S3 Guide

Object storage is the recommended storage format in cloud as it can support storing large data files. S3 APIs are widely used for accessing object stores. This can be used to store or retrieve data on Amazon cloud, Huawei Cloud(OBS) or on any other object stores conforming to S3 API. Storing data in cloud is advantageous as there are no restrictions on the size of data and the data can be accessed from anywhere at any time. Carbondata can support any Object Storage that conforms to Amazon S3 API. Carbondata relies on Hadoop provided S3 filesystem APIs to access Object stores.

Writing to Object Storage

To store carbondata files onto Object Store, carbon.storelocation property will have to be configured with Object Store path in CarbonProperties file.

For example:

carbon.storelocation=s3a://mybucket/carbonstore

If the existing store location cannot be changed or only specific tables need to be stored onto cloud object store, it can be done so by specifying the location option in the create table DDL command.

For example:

CREATE TABLE IF NOT EXISTS db1.table1(col1 string, col2 int) STORED AS carbondata LOCATION 's3a://mybucket/carbonstore'

For more details on create table, Refer DDL of CarbonData

Authentication

Authentication properties will have to be configured to store the carbondata files on to S3 location.

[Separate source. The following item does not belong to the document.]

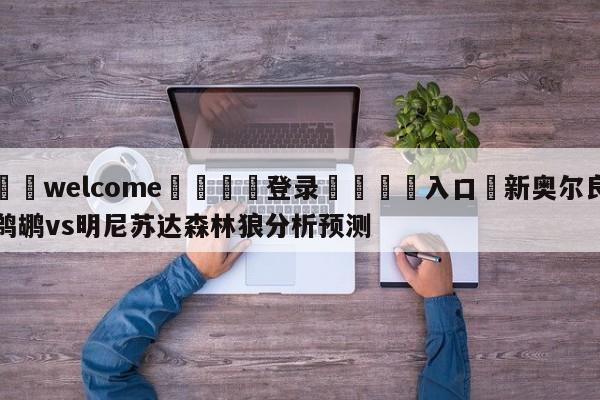 ⚛️welcome👎登录🆚入口✋新奥尔良鹈鹕vs明尼苏达森林狼分析预测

Authentication properties can be set in any of the following ways:

  1. Set authentication properties in core-site.xml, refer hadoop authentication document

  2. Set authentication properties in spark-defaults.conf.

Example

spark.hadoop.fs.s3a.secret.key=123
spark.hadoop.fs.s3a.access.key=456
  1. Pass authentication properties with spark-submit as configuration.

Example:

./bin/spark-submit \
--master yarn \
--conf spark.hadoop.fs.s3a.secret.key=123 \
--conf spark.hadoop.fs.s3a.access.key=456 \
--class=xxx
  1. Set authentication properties to hadoop configuration object in sparkContext.

Example:

sparkSession.sparkContext.hadoopConfiguration.set("fs.s3a.secret.key", "123")
sparkSession.sparkContext.hadoopConfiguration.set("fs.s3a.access.key","456")

Recommendations

  1. Object Storage like S3 does not support file leasing mechanism(supported by HDFS) that is required to take locks which ensure consistency between concurrent operations therefore, it is recommended to set the configurable lock path property(carbon.lock.path) to a HDFS directory.
  2. Concurrent data manipulation operations are not supported. Object stores follow eventual consistency semantics, i.e., any put request might take some time to reflect when trying to list. This behaviour causes the data read is always not consistent or not the latest.